§ WORK INSTRUCTION
Reproduce exactly, and only, the lines below from the one containing "Old Marigold Wazira" through the one containing "Ladies comfortable hoodie".

Data entries:
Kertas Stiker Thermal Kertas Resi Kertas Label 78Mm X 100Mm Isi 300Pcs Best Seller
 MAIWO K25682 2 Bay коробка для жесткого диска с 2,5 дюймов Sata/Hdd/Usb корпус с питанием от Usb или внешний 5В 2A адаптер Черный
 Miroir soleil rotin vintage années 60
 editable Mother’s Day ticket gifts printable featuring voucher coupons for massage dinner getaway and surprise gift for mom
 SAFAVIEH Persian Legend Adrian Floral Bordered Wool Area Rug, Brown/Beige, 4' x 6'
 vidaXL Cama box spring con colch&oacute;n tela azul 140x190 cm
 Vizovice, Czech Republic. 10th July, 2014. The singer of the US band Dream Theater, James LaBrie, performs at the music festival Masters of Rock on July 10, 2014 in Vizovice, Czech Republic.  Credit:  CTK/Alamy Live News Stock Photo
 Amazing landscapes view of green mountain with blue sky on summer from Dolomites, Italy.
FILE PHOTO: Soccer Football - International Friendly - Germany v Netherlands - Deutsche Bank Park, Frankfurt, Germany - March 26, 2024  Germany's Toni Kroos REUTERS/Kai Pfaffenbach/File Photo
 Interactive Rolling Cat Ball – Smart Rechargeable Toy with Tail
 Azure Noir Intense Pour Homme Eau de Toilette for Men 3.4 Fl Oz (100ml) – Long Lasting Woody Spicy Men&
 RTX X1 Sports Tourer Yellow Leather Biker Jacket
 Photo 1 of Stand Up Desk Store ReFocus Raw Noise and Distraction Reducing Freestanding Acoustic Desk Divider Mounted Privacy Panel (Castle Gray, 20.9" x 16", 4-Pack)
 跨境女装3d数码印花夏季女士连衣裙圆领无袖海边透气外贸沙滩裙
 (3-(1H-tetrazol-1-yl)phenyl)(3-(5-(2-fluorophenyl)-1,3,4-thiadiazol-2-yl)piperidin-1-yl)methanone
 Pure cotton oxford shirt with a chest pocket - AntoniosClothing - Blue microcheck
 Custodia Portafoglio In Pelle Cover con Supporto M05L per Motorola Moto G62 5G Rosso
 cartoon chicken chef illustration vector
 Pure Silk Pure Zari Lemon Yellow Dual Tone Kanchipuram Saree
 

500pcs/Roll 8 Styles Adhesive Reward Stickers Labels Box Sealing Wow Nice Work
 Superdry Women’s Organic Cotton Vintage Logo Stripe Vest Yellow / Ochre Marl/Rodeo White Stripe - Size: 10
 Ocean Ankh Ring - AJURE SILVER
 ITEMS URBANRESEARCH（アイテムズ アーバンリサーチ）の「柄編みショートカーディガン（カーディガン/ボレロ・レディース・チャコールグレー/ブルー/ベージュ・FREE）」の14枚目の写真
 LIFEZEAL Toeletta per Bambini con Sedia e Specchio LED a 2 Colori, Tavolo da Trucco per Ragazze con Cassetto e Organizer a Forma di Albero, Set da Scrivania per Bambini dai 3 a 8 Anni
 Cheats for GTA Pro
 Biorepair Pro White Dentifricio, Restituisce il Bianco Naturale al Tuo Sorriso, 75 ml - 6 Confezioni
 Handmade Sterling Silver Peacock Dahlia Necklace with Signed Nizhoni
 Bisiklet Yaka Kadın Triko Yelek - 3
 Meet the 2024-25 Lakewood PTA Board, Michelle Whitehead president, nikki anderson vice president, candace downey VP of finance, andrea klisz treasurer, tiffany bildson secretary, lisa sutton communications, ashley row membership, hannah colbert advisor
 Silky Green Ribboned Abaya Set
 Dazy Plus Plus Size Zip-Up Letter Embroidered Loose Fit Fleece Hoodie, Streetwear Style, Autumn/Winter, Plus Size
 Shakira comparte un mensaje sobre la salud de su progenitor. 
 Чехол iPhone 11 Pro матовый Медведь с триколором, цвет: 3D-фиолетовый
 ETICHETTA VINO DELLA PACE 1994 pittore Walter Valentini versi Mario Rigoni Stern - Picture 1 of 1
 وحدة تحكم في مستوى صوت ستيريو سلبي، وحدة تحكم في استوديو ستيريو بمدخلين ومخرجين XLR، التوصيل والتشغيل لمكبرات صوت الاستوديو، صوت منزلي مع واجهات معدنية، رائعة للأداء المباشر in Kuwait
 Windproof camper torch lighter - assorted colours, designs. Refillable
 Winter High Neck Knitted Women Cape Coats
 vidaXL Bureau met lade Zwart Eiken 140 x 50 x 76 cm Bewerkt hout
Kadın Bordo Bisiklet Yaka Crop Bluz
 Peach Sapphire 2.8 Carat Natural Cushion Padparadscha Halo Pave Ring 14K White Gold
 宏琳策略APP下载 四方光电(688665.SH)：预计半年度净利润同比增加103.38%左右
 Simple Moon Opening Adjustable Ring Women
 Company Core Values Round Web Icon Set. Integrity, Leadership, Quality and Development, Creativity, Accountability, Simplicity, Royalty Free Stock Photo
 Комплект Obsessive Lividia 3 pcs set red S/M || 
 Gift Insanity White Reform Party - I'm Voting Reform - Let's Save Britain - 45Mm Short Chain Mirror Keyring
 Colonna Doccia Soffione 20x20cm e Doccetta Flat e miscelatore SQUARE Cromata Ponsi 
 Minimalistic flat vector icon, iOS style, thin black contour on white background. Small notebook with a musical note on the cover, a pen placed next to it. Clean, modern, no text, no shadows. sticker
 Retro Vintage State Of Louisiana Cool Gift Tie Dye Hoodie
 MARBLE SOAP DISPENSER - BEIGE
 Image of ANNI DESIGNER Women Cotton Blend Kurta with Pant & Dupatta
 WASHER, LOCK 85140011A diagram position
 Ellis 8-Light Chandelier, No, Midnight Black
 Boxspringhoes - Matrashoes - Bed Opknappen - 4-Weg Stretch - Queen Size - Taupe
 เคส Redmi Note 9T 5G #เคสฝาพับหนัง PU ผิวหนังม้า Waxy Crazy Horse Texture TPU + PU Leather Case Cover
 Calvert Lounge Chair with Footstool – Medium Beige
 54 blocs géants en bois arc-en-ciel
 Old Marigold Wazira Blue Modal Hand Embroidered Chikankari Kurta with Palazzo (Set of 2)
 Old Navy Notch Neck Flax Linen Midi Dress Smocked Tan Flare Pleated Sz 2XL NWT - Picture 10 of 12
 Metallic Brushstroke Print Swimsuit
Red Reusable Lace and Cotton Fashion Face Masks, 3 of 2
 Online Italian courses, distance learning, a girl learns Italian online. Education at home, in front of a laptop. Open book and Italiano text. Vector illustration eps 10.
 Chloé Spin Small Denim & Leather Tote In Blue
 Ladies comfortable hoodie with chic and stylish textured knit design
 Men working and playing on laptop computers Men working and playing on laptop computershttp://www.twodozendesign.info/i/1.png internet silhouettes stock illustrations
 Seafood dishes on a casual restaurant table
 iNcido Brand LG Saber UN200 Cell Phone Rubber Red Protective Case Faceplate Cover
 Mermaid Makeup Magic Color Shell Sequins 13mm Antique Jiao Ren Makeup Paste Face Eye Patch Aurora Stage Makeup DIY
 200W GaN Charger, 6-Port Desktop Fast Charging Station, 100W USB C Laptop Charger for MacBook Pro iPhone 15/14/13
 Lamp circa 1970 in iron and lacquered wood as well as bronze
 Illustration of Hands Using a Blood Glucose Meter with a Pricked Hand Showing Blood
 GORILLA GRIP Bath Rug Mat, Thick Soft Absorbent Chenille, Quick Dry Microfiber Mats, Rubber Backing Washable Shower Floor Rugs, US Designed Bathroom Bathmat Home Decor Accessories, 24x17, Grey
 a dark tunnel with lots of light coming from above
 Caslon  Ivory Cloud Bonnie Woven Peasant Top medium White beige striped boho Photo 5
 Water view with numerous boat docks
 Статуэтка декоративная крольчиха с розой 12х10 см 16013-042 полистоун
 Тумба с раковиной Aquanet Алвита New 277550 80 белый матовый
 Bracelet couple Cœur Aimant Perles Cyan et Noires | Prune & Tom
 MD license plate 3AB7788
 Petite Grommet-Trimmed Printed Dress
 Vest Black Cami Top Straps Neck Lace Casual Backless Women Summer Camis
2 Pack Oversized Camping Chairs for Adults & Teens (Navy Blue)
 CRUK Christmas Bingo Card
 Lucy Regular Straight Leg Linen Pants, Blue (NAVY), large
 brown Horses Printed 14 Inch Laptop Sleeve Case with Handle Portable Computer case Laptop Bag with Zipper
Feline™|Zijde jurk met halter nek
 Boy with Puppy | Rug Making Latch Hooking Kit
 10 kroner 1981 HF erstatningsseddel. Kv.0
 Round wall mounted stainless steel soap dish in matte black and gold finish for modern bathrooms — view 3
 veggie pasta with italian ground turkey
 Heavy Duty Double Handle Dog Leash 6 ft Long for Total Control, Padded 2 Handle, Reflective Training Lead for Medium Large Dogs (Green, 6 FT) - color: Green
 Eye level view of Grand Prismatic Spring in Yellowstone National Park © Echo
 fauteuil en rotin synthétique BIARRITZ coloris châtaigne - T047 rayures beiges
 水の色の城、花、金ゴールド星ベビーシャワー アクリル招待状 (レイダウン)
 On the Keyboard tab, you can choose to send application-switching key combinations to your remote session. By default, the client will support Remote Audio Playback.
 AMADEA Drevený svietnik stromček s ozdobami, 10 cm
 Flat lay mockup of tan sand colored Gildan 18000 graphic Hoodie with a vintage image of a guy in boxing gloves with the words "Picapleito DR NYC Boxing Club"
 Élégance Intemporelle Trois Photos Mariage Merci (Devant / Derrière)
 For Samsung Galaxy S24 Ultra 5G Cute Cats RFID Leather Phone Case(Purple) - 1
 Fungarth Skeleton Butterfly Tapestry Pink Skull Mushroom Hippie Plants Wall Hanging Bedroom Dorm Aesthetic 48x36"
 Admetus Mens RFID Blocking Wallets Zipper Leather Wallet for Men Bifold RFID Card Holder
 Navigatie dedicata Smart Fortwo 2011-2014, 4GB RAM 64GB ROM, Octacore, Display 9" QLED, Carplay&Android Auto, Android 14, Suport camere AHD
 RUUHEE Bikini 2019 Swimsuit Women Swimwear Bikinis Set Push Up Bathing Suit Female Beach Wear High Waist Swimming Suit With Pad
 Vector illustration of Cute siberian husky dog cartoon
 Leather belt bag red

§ YOUR SOLUTION
 Old Marigold Wazira Blue Modal Hand Embroidered Chikankari Kurta with Palazzo (Set of 2)
 Old Navy Notch Neck Flax Linen Midi Dress Smocked Tan Flare Pleated Sz 2XL NWT - Picture 10 of 12
 Metallic Brushstroke Print Swimsuit
Red Reusable Lace and Cotton Fashion Face Masks, 3 of 2
 Online Italian courses, distance learning, a girl learns Italian online. Education at home, in front of a laptop. Open book and Italiano text. Vector illustration eps 10.
 Chloé Spin Small Denim & Leather Tote In Blue
 Ladies comfortable hoodie with chic and stylish textured knit design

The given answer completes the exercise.